ソケットリフトとは ― あごの骨が不足している場合

ソケットリフトは、上顎奥歯の骨が薄い場合に行われる外科手術の一つです。ここでは、ソケットリフトの特徴についてご紹介します。

更新日:2021/12/02

■目次

  1. ソケットリフトとは?
  2. ソケットリフトのメリット・デメリット
  3. ソケットリフトの手術の流れ
  4. STEP1
  5. STEP2
  6. STEP3
  7. ※治療結果には、患者さんによって個人差があります

ソケットリフトとは?

ソケットリフトとは?

上顎奥歯の顎骨の上には、鼻とも繋がる空洞(上顎洞)があり、上顎洞は粘膜(シュナイダー膜)で覆われています。ソケットリフトとは、特殊な器具を使って上顎洞の粘膜を上げて人工骨や天然骨を補填することで、埋め入れるインプラントの深さを確保します。
確保した深さは、3~6ヵ月程度で安定します。

ソケットリフトの手術について
手術の流れはインプラントを埋め入れるときと似ており、ドリルで骨を削った穴からアプローチしますので、小さな外科処置で骨を造ることができます。ソケットリフトと併せて、骨をずらした部分に細かく粉状にした患者さん自身の骨や人工骨の移植を行います。
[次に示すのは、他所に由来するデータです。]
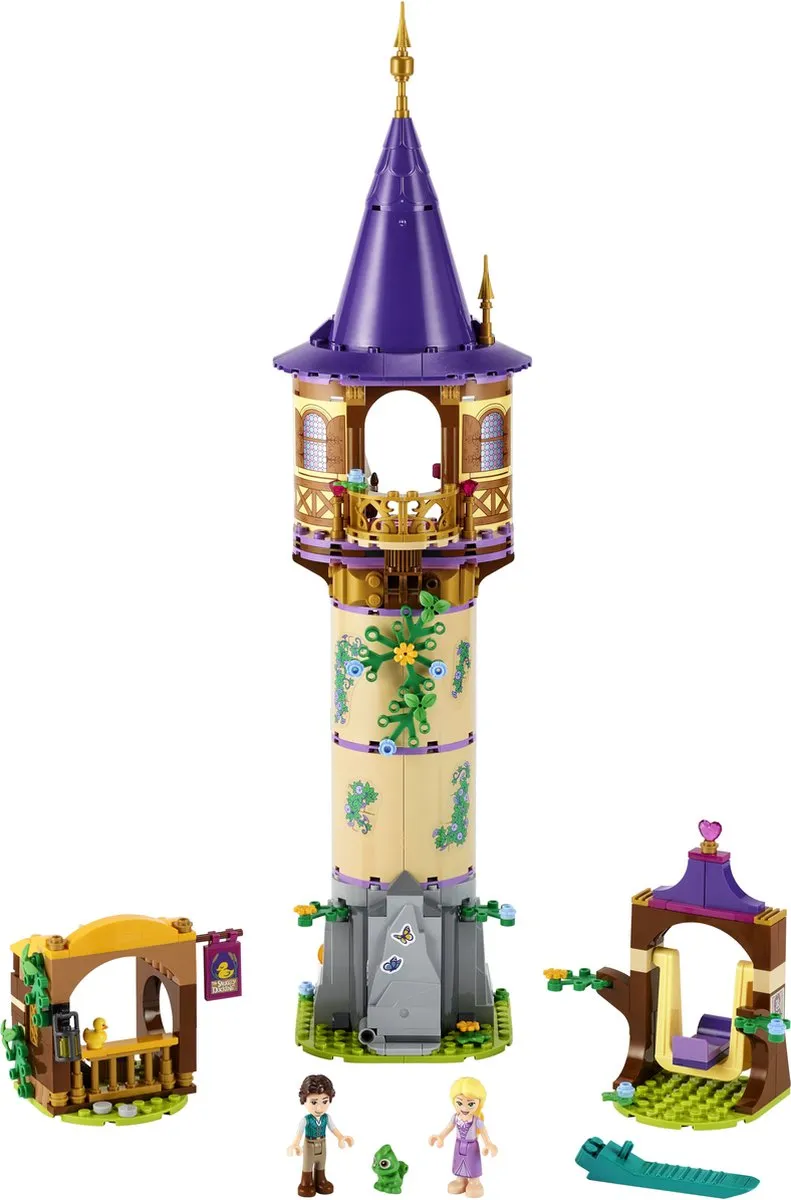 LEGO Disney Princess Rapunzels Toren 43187 - 369 Stenen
ソケットリフトの場合、同時にインプラントの埋め入れを行います。

ソケットリフトのメリット・デメリット

■ソケットリフトのメリット
・外科処置の範囲を最小限に抑えながら、骨の厚みを造ることができる
・痛み、腫れ、術後出血のリスクが低い
・身体への負担が少ない
・手術時間は短時間で済む


■ソケットリフトのデメリット
・造れる骨の範囲が限られる
・治療を受けられる人が限られる
・粘膜の状態が目視できない
・誤って上顎洞と貫通してしまった場合、副鼻腔炎や蓄膿症の恐れがある

ソケットリフトの手術の流れ

STEP1

STEP1

骨が薄いままでインプラントを埋め入れると、粘膜を貫通し傷つけて炎症を起こしてしまう可能性があります。
また、インプラントと骨との結合が足りなくなり、インプラントの周りの骨がインプラントを支えられないことなどが考えられます。

STEP2

STEP2

歯茎を切ってドリルで骨を削ります。ドリルで削った穴に特殊な器具を挿入し、粘膜を挙上し、しっかりとインプラントを埋め入れるスペースを獲得します。
この時ドリルで開ける穴はインプラントを埋め入れる穴とほぼ同じ大きさのため、患者さんの負担は少ないとされています。

STEP3

STEP3

粘膜を挙上した部分に患者さん自身の骨を細かく粉状にしたものや人工骨補填材を移植します。
同時にインプラントを埋め入れる手術を行うことが多いでしょう。
骨の状態が悪い場合は、インプラントを埋め入れる手術は骨ができあがってから行うこともあります。
処置が完了したら歯茎を縫い合わせ、感染を予防します。

※治療結果には、患者さんによって個人差があります

患者さんの状態によっては、ソケットリフトではない骨を増やす手術をすすめられる事や、骨を増やす治療を受けられないこともあります。
詳しくは、診察・精密検査を受けて、担当の歯科医師とご相談ください。

記事監修

歯科医師 古川雄亮 先生

歯科医師 古川雄亮 先生
国立大学歯学部卒業後、大学院において歯のエナメル質の形成に関わる遺伝子研究を行い、アジア諸国で口腔衛生に関連する国際歯科活動にも従事した。歯学博士修了後、南米の外来・訪問歯科診療に参加した。 2019年10月10日Nature系のジャーナルに研究論文「HIV感染患児における免疫細胞の数と口腔状態との関連性について」を公開。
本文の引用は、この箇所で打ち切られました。